**TASK REQUIREMENTS**
Every entry below should be transcribed exactly; pictures stay out of the copy.

**RECORDED DATA**
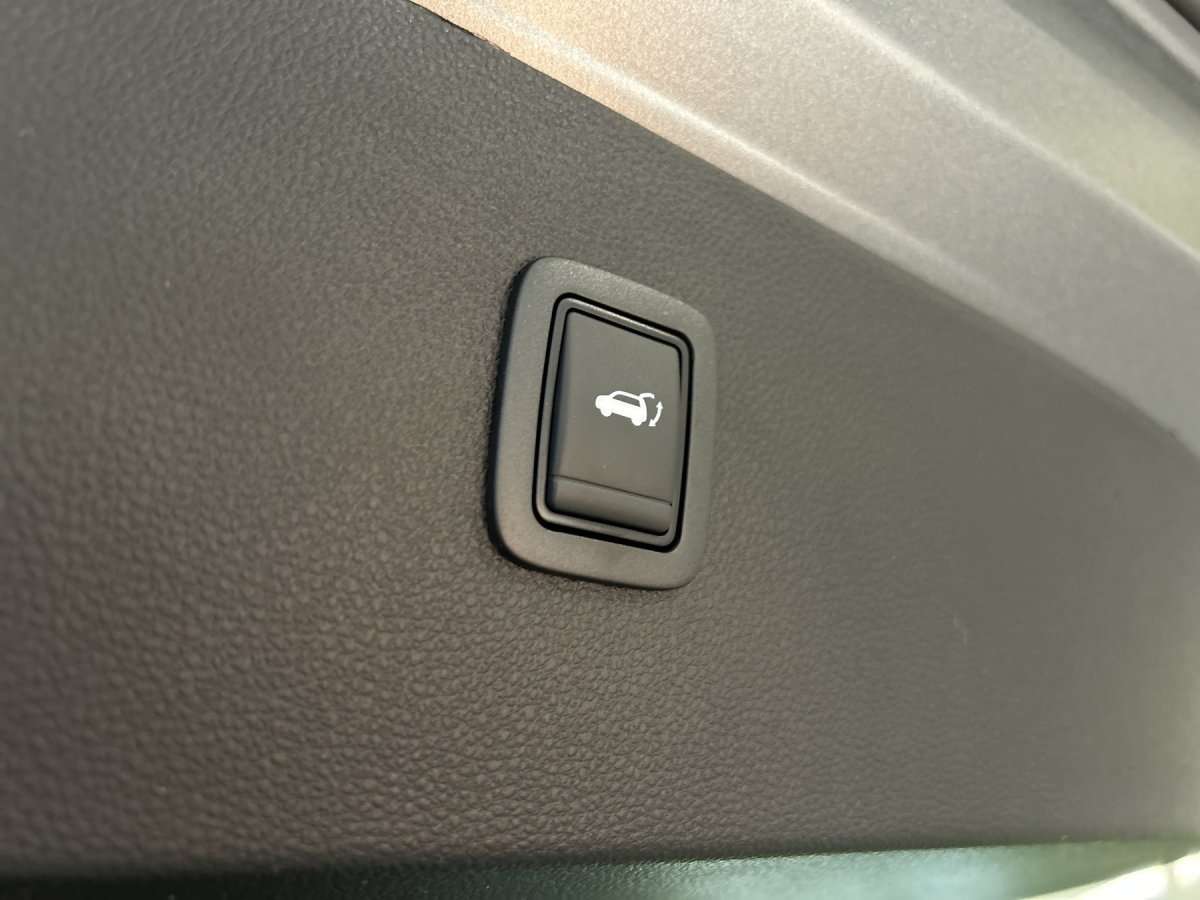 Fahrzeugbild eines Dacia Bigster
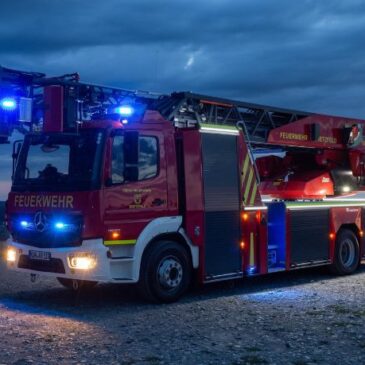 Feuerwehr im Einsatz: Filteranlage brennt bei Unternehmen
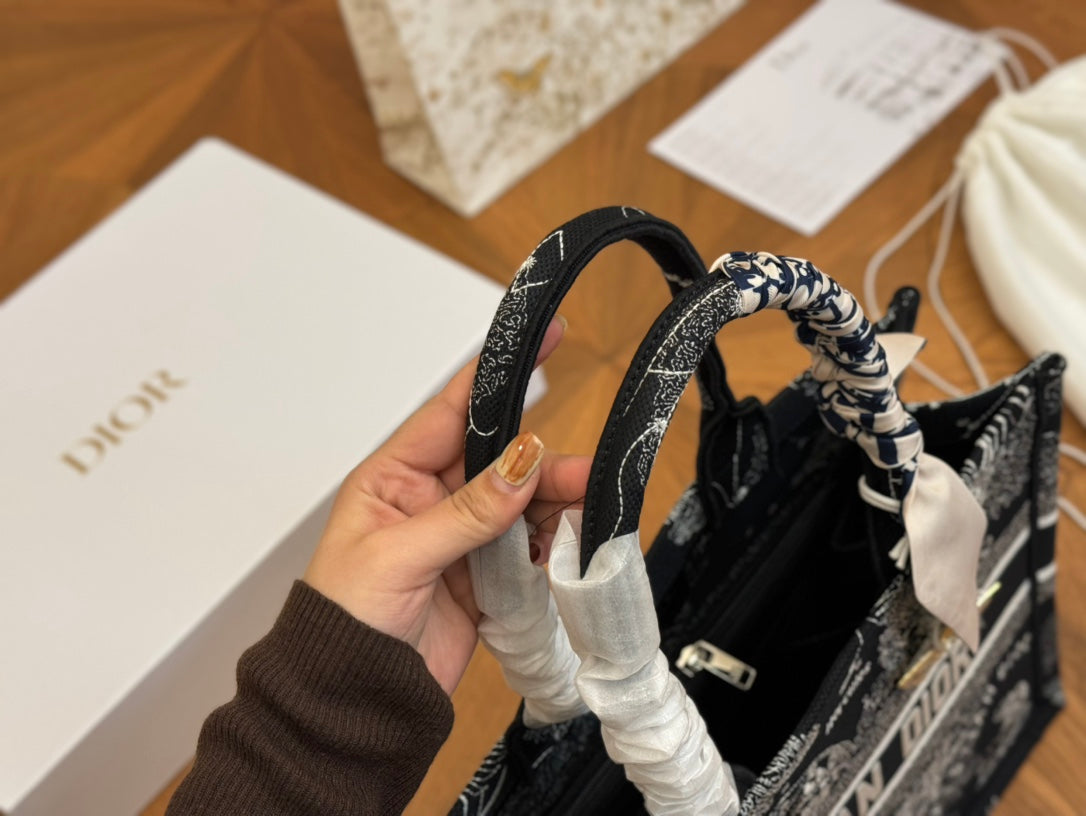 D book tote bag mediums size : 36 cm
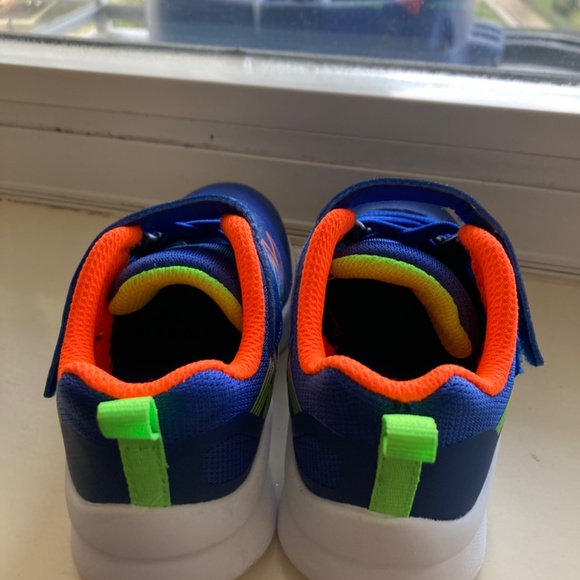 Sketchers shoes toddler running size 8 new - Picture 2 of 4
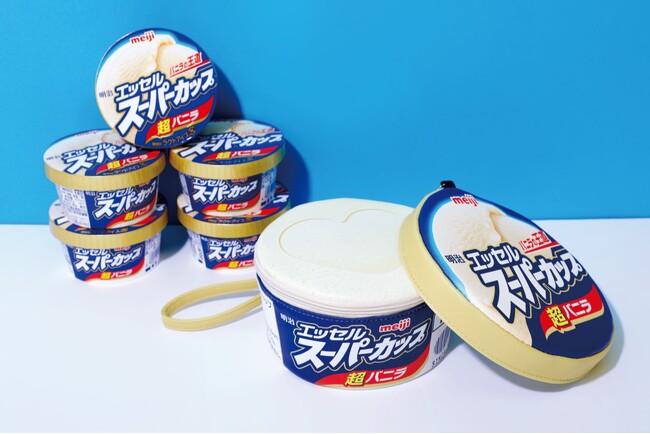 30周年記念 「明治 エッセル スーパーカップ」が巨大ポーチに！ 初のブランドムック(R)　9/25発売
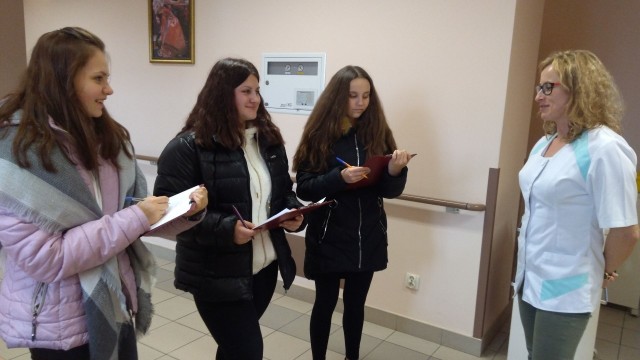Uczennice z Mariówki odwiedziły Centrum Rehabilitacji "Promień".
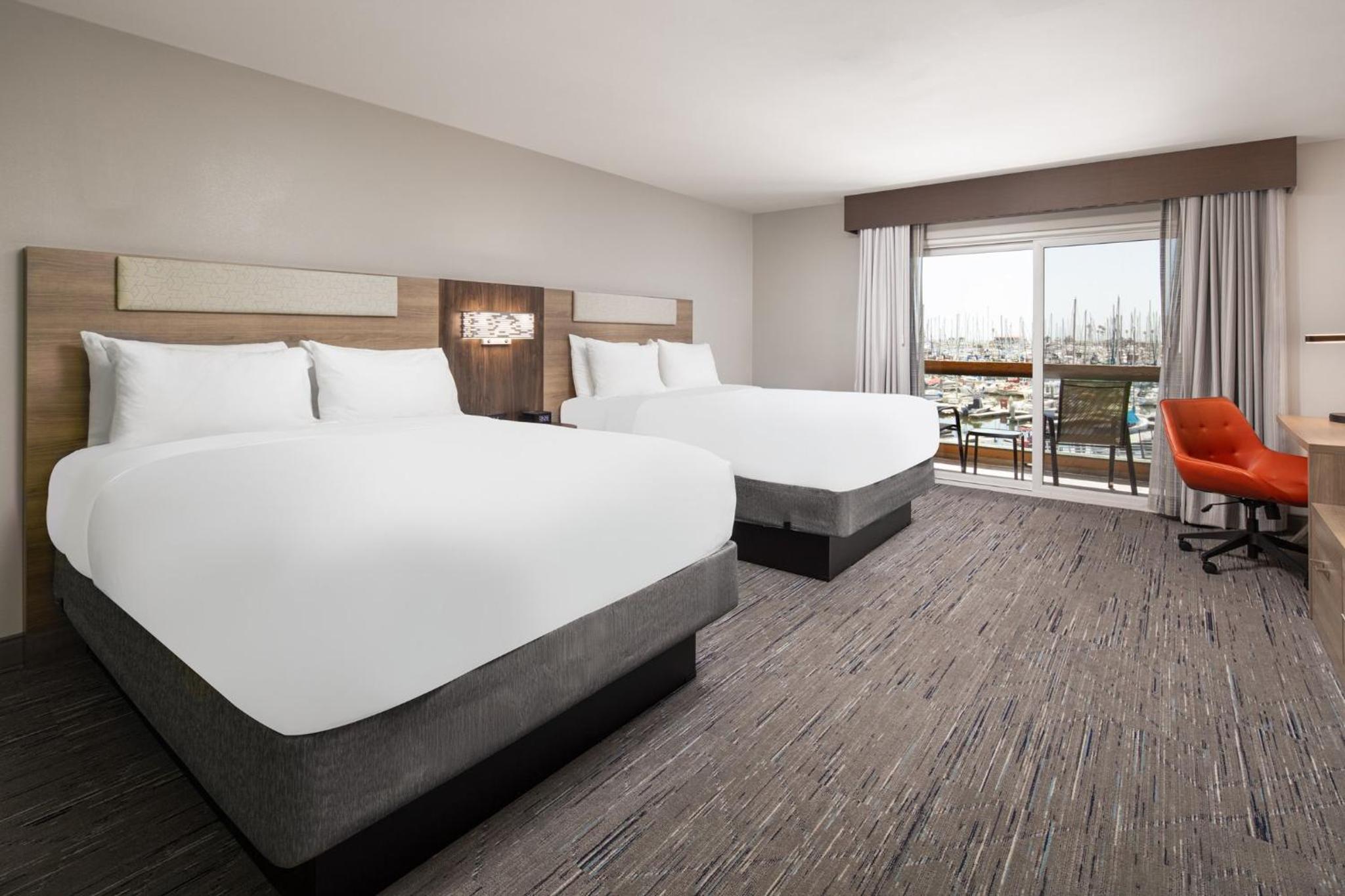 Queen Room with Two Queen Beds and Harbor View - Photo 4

**ANSWER SPACE**
 Fahrzeugbild eines Dacia Bigster
 Feuerwehr im Einsatz: Filteranlage brennt bei Unternehmen
 D book tote bag mediums size : 36 cm
 Sketchers shoes toddler running size 8 new - Picture 2 of 4
 30周年記念 「明治 エッセル スーパーカップ」が巨大ポーチに！ 初のブランドムック(R)　9/25発売
Uczennice z Mariówki odwiedziły Centrum Rehabilitacji "Promień".
 Queen Room with Two Queen Beds and Harbor View - Photo 4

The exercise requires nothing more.